Pros: quite a bit of learning from it, more hands-on, pretty affordable
Cons: copper clad boards could burn easily, takes time and some tools
As previously mentioned, the copper clad boards burn pretty easily, so that combined with the thin layer of copper which would oxidize kind of easily caused a lot of the copper to come off. Hence, the less than hobbyist and far from professional soldering seen in the later photos. I recommend using a 45W soldering iron since 60W (the one I used) was likely too hot at times. Another problem I encountered was that the diagram I'd followed didn't ground the circuit completely so it ended up not working once it'd been all soldered. The 555 chips used when the pin 11 of the 4020 wasn't grounded all got fried and became unusable. But rest assured, this one works well even after three years of it being made.
Step 1: Bill of Materials (BOM)
- 5 x 7 cm One-sided Copper Clad Board
- Transparency Paper
- 3mm LEDs (x27) ~ (can be any color)
- Female DC Barrel Jack
- Heat Shrink Tubing
- 16 DIP IC Socket
- 8 DIP IC Socket
- 555 Timer IC
- CD4020 Binary Counter IC
- Thin Sharpie Pen
- 33k Ω 1/4W Resistor
- 10μF 25V Electrolytic Capacitor
- Steel Wool
- Ferric Chloride
- Needle Nose Pliers
- 12V battery or 12 Power Supply rated for 2A+
- 45W Soldering Iron (higher power rating may be used but burning the board will be more likely)
- Lead Free or Lead Solder
- Rosin Flux Paste
Step 2: Creating the Circuit Diagram
Although Fritzing has been not seen updates to their program since 2016, the latest release is sufficient in us making our PCB file.
The design was based on this link: 3x3x3 Cube using 555 Timer. The 555 chip wasn't grounded properly so I added the fixed image as the first photo. The second image is the real circuit used to get the cube working nicely. The other two photos at the end are just sample photos of how the circuit may look like on Fritzing.

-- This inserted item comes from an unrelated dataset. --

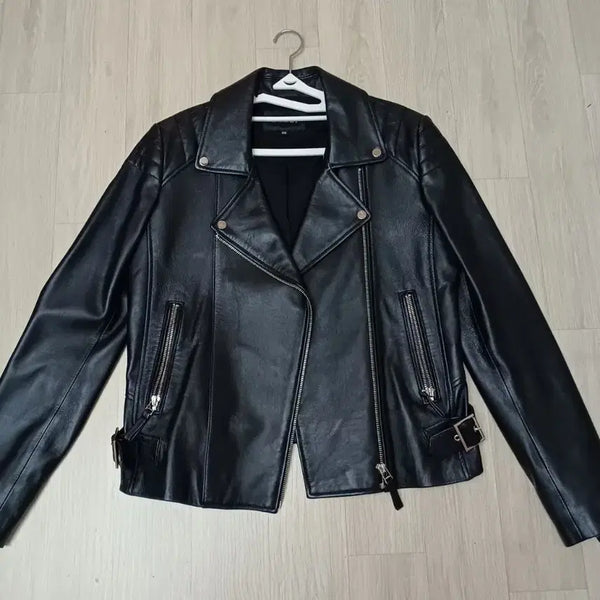 [BUNJANG] KASIBADY Lambskin Leather Rider Jacket / KASIBADY 양가죽 라이더 자켓 (실측55)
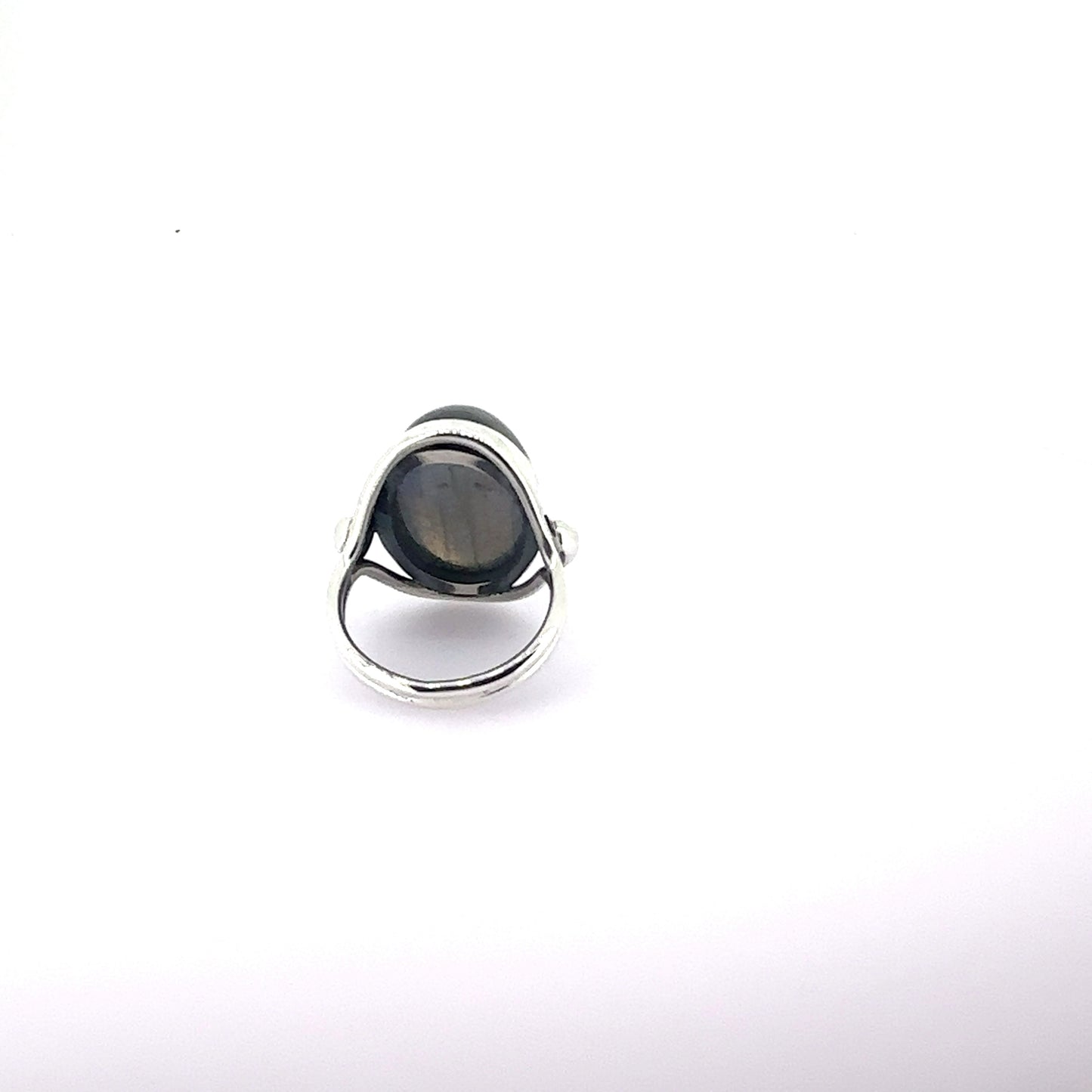 Silver Labradorite Ring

Step 3: After Removing the Excess Copper
After removing the copper off of the copper clad board, the PCB should look roughly like this. Now we have to remove the sharpie/ink from the copper of our main circuit. We'll be using some light steel wool since sandpaper would be a bit rough. Once that is done, carefully use an x-acto knife to cut any bridged connections which are out of the ordinary and not following the proposed circuit diagram.